First, I created a list of ISO 639-1 codes as a table:

![Language codes](../src/Screenshots/Language_Codes.png)

Then, I added column to show if the title had multiple or single language versions:
```excel
# Create language status column
Column: Language_status
Formula: =IF([@languages]="", "Missing",
            IF(ISNUMBER(SEARCH(";", [@languages])), "Multiple Languages",
            "Single Language"))

And counted how many books had multiple languages. THe maximum languages was 3:
```excel
# Count number of languages
Column: Language_Count
Formula: =IF([@languages]="", 0,
            LEN([@languages])-LEN(SUBSTITUTE([@languages],";",""))+1)
```

![Language counts](../src/Screenshots/Language_Counts.png)

```excel
# Extract individual languages
Column: First_Language
Formula: =TRIM(LEFT([@languages],IFERROR(FIND(";",[@languages])-1,LEN([@languages]))))

Column: Second_Language
Formula: =IF(ISNUMBER(FIND(";",[@languages])),
            TRIM(MID([@languages],
                FIND(";",[@languages])+1,
                IFERROR(FIND(";",[@languages],FIND(";",[@languages])+1),LEN([@languages]))-FIND(";",[@languages])-1)),
            "")

Column: Third_Language
Formula: =IF(IFERROR(FIND(";",[@languages],FIND(";",[@languages])+1),0)>0,
           TRIM(MID([@languages],
                FIND(";",[@languages],FIND(";",[@languages])+1)+1,
                LEN([@languages])-FIND(";",[@languages],FIND(";",[@languages])+1))),
           "")

```
Once extracted, I will valid against the table of language codes.
```excel
# Validate languages against reference table
Column: First_Language_Valid
Formula: =IF(S="", "Missing",
            IF(COUNTIF(language_codes[Code], S1)=0,
            "Invalid",
            "Valid"))

Column: Second_Language_Valid
Formula: =IF(U1="", "No second language",
             IF(COUNTIF(language_codes[Code], U1)=0,
            "Invalid",
            "Valid"))

Column: Third_Language_Valid
Formula: =IF(W1="", "No third language",
            IF(COUNTIF(language_codes[Code], W1)=0,
            "Invalid",
            "Valid"))

```

Structured references did not work at this point, so direct references were used. Some languages had three letters, which weren'y included in my initial collation of country codes, like Middle English (enm) and Cebuano (ceb). One language code 'kld' did not have an online reference: 

![Language counts](../src/Screenshots/Invalid_language.png)

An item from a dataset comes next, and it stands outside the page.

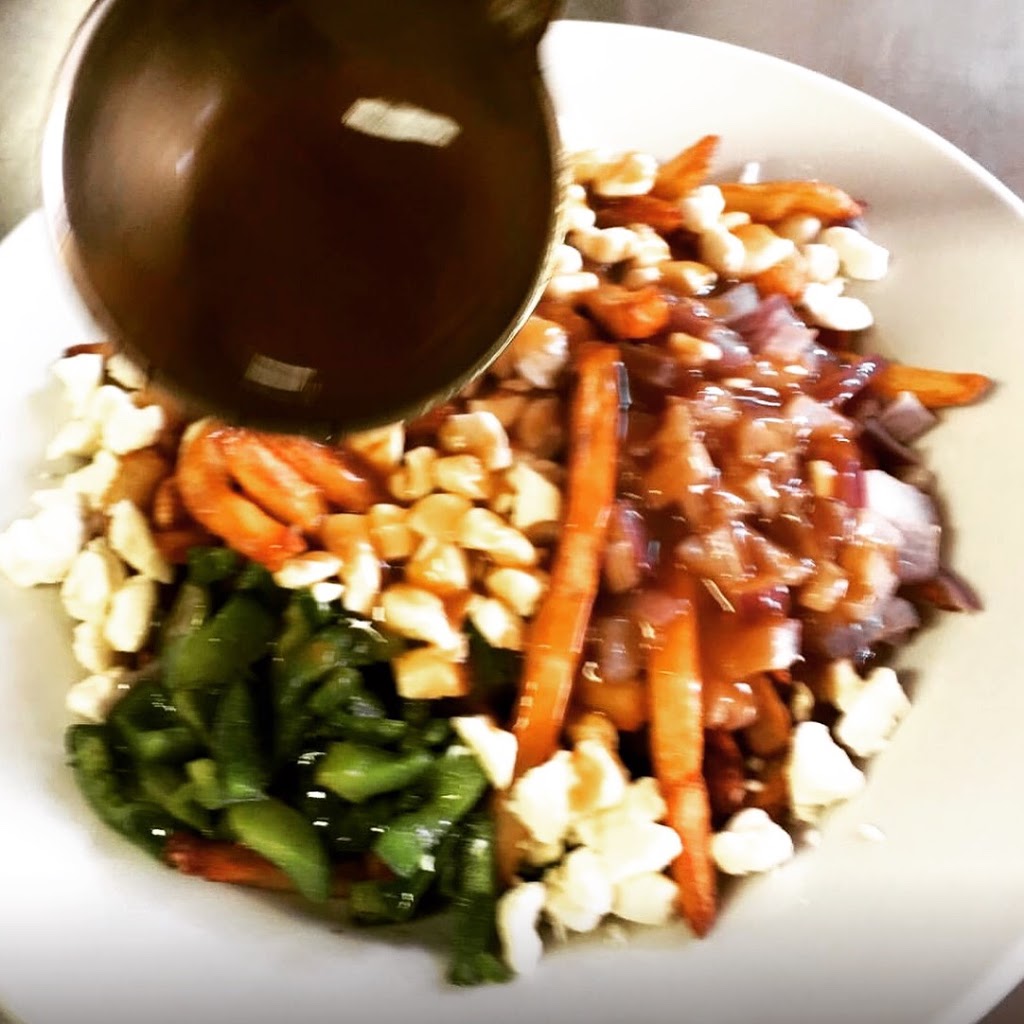 Milano Pizzeria | 68 Wylie Ave, Ottawa, ON K2B 6M4, Canada | Phone: (613) 828-1111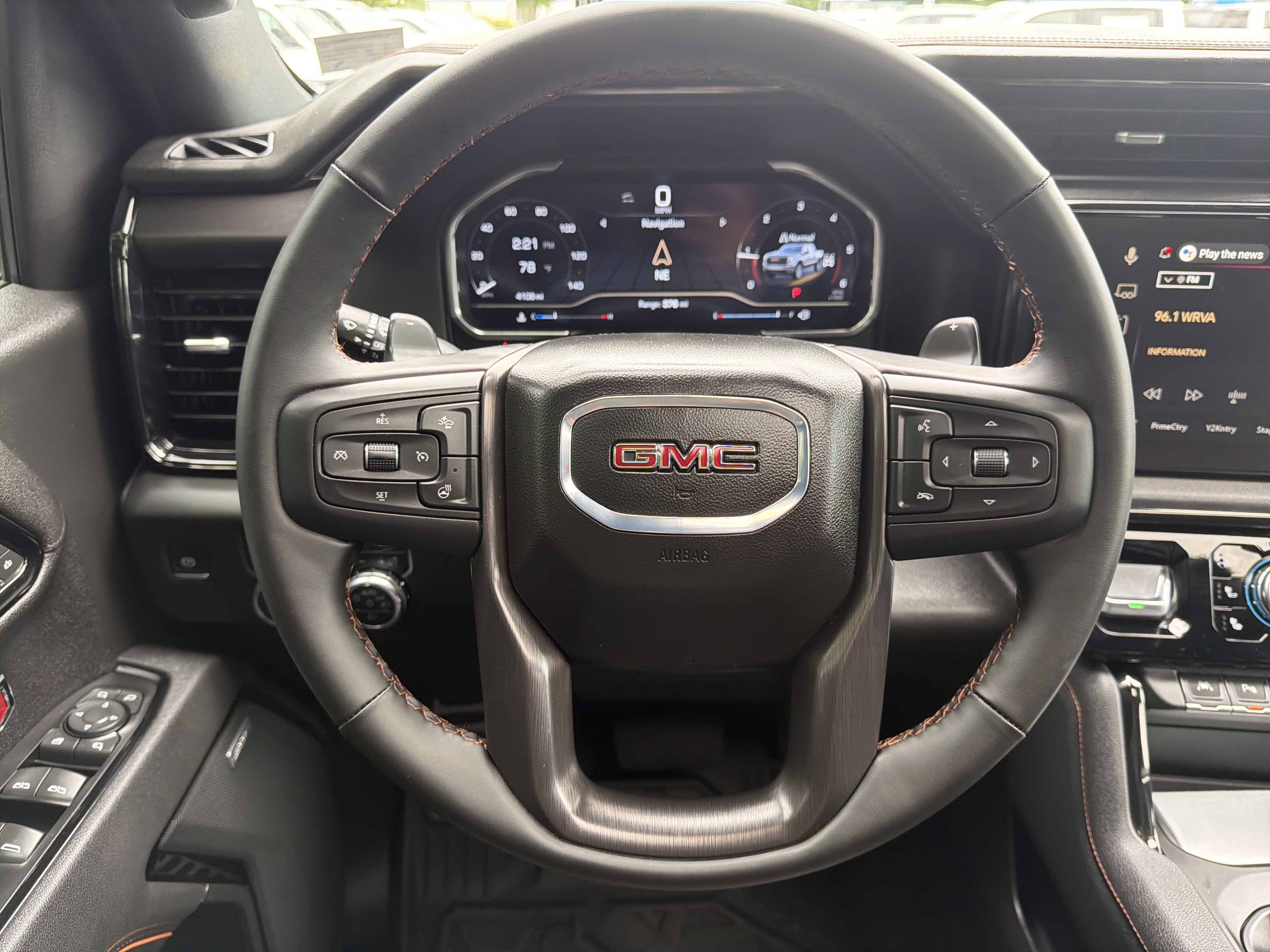 Used 2025 GMC Sierra 1500 AT4 w/ AT4 Premium Package AWD/4WD image 18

I check the online catalogue:

![Language counts](../src/Screenshots/Invalid_language_checke.png)

and add the correct country code to the Language Codes table.



#### 5. Download Count
Here, I will check for negative values and outliers in the set, but none are flagging.
- Negative values
- Unusually high values (outliers)

```excel
# Create download count check
Column: Download_Check
Formula: =IF(E3<0, "Invalid",
            IF(E3>AVERAGE(E3)*3, "Possible Outlier",
            "OK"))
```

#### 6. Subjects Column
Here I expect there to be multiple subjects and empty values, but I am not worried about this at the moment, as some categories


### Step 3: Data Quality Summary

As I noted in the first collection notebook, the data is incredibly high quality and there seem to be very few problematic missing elements.

![Summary sheet](../src/Screenshots/Summary_Sheet.png)

### Step 6: Final Checklist
Before considering the data clean, I have checked that:

-  All IDs are unique
-  No missing titles
-  Language codes are valid
-  Download counts are reasonable

1. Create Export View
These are the columns I will export for further analysis:
- id 
- title
- authors 
- languages 
- download_count 
- subjects
- bookshelves
- copyright
- author_count
- language_count
- first_language
- second_language
- third_language

---
**Note**: This notebook is part of the Project Gutenberg Analysis portfolio project.